The Great Canadian Maple Syrup Heist
On the morning of July 30, 2012, an accountant named Michel Gauvreau arrived at the Global Strategic Maple Syrup Reserve, housed in a huge red brick warehouse on the side of the Trans-Canadian Highway in Saint-Louis-de-Blandford, about two hours northeast of Montreal. Inside, baby-blue barrels of maple syrup were stacked six high in rows hundreds deep. Full, each barrel weighs about 620 pounds. With grade A syrup trading at about $32 per gallon, that adds up to $1,800 a barrel, approximately 13 times the price of crude oil.
The fiscal year was coming to a close, and the Federation of Québec Maple Syrup Producers had hired Gauvreau’s company, Veragrimar, to audit its inventory. Québec dominates the maple syrup market, and since 2002 the Federation has operated as a legal cartel, setting production quotas and prices, authorizing buyers, and stockpiling syrup. There were around 16,000 barrels here, about one-tenth of Québec’s annual production.
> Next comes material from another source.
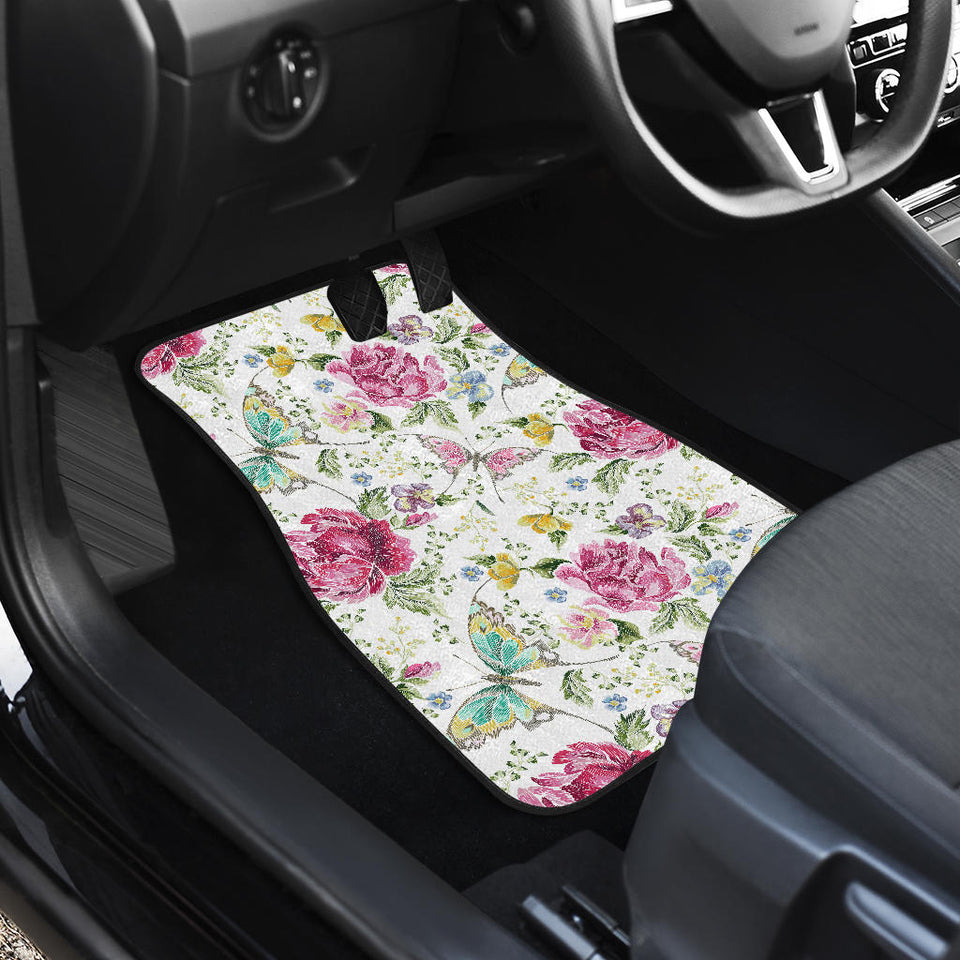 Hand Drawn Butterfly Rose  Front Car Mats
The gap between the rows was barely wide enough to walk through, and the rubber soles of Gauvreau’s steel-tip boots stuck to the sugar-coated concrete floor.
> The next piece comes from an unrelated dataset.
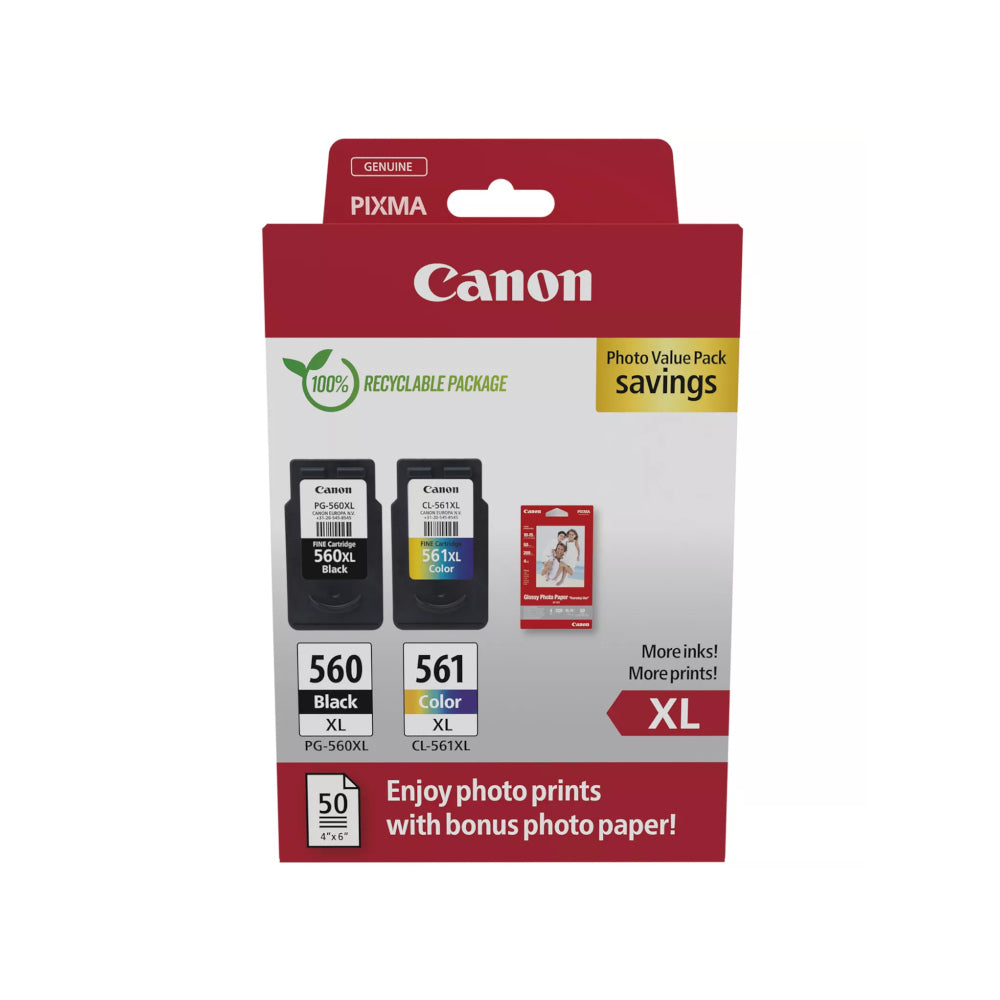 Pack Tinteiros Canon 560XL/561XL Preto/Color 3712C008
He scaled a row of barrels and was nearing the top of the stack when one of them rocked with his weight. He nearly fell. Regaining his balance, he rattled the barrel: It was light because it was empty. He soon found others that were empty. After notifying the Federation’s leaders and returning with them to examine the stockpile, they unscrewed the cap on a full barrel. The liquid inside was not goopy, brown, or redolent with the wintry scent of vanilla, caramel, and childhood; it was thin, clear, and odorless. It was water.